The international community has caught onto the need to halt global warming and promote a low-carbon economy. The European Union has established a binding target for 2030 to cut greenhouse effect gases by 40% in comparison with 1990 levels. And by 80% in 2050.
The building industry is one of the key action levers in order to make these goals a reality. Within the EU, the sector generates 35% of all greenhouse gases that cause climate change. In this sense, Directive 2010/31/EU on the energy performance of buildings (responsible for 40% of all power consumption) stipulates that as of 31st December 2020, all new constructions must be ‘nearly zero-energy’.
The Passivhaus standard has raised building energy savings to new heights by aiming to reduce or eliminate heating or cooling requirements in order to guarantee interior thermal comfort. It sets out five key principles in the building process: outstanding levels of insulation for outer walls and roofs; thermal bridge-free designs; airtight barrier layers; a mechanical ventilation system with heat recovery; and high performance windows and doors. In order to be eligible for Passivhaus certification, buildings must deliver ambitious results in terms of power requirements and airtightness.

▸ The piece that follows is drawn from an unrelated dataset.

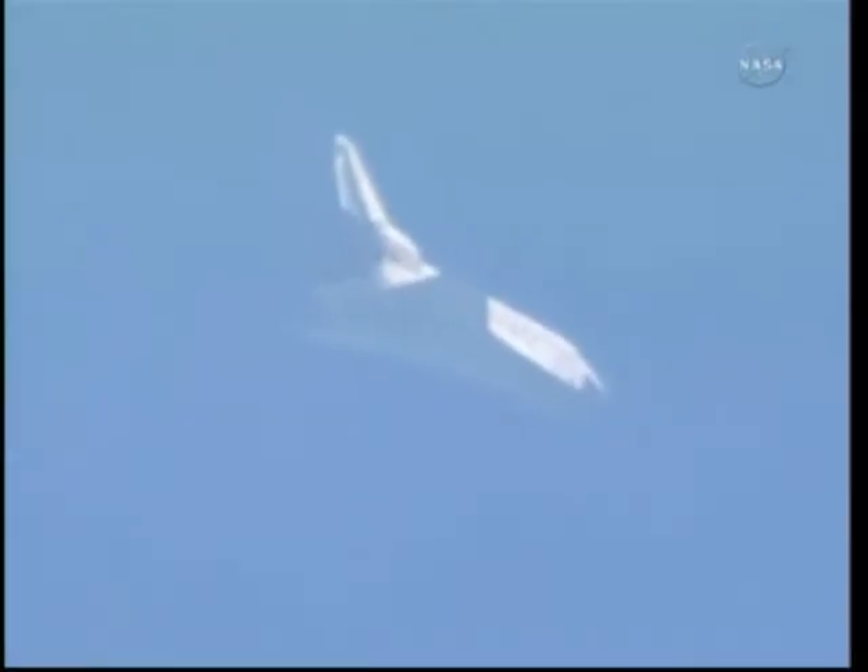Commander Steve Lindsey will take over the flight of the shuttle around this circle, which will set it up for final approach. Sonic booms now heard at the Kennedy Space Center, announcing Discovery's arrival — three and a half minutes to touchdown.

Why use wood for Passivhaus buildings?
All House Habitat’s building projects comply fully with Passivhaus criteria. Furthermore, we use natural and sustainable materials that respect people’s health and in this sense, wood is a key structural element due to its outstanding insulation properties.

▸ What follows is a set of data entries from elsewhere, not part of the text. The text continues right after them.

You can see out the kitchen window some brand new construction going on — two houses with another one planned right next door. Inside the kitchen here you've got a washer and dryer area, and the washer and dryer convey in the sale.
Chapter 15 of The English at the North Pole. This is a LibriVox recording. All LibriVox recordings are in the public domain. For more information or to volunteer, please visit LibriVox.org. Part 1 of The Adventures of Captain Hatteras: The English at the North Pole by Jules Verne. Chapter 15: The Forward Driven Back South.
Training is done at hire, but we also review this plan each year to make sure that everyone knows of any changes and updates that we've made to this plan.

A recent study revealed that if all the buildings in the city of Barcelona alone complied with Passivhaus criteria, CO2 emissions would be reduced by 1,022,349 tons, equivalent to the amount absorbed by no fewer than 100,000 trees.
The use of wood in construction would help to reduce pollution levels even further.

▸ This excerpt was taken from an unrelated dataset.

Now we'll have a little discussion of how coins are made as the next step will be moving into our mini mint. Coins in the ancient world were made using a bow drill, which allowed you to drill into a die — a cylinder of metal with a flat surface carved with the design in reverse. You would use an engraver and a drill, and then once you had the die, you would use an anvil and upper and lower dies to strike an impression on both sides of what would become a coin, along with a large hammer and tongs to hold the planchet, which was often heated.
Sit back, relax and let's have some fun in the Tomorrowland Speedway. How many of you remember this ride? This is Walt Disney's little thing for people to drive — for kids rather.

The use of wood sourced from sustainably managed forests, based on replanting principles, contributes to guaranteeing the survival of our planet’s major CO2 sinks. Young trees, planted for their later use in construction, remove carbon from the atmosphere as they grow, achieving higher rates of efficiency in comparison with more mature trees.
In sharp contrast, cement production is responsible for 6% of the world’s carbon emissions, whilst steel production – half of which is used in the building industry – accounts for 8%. During the process of transforming raw elements into building materials, wood produces the lowest levels of pollution attributable to CO2 emissions of all the most common materials. For instance, producing a laminated wood beam requires just a sixth of the energy needed to manufacture a steel beam with a comparable resistance performance.
In short, adopting the Passivhaus energy efficiency standard and using wood in buildings are two solutions that the construction industry can deliver in response to the urgent need to halt climate change. Two trends that complement each other to perfection and are also experiencing a sharp hike on an international scale.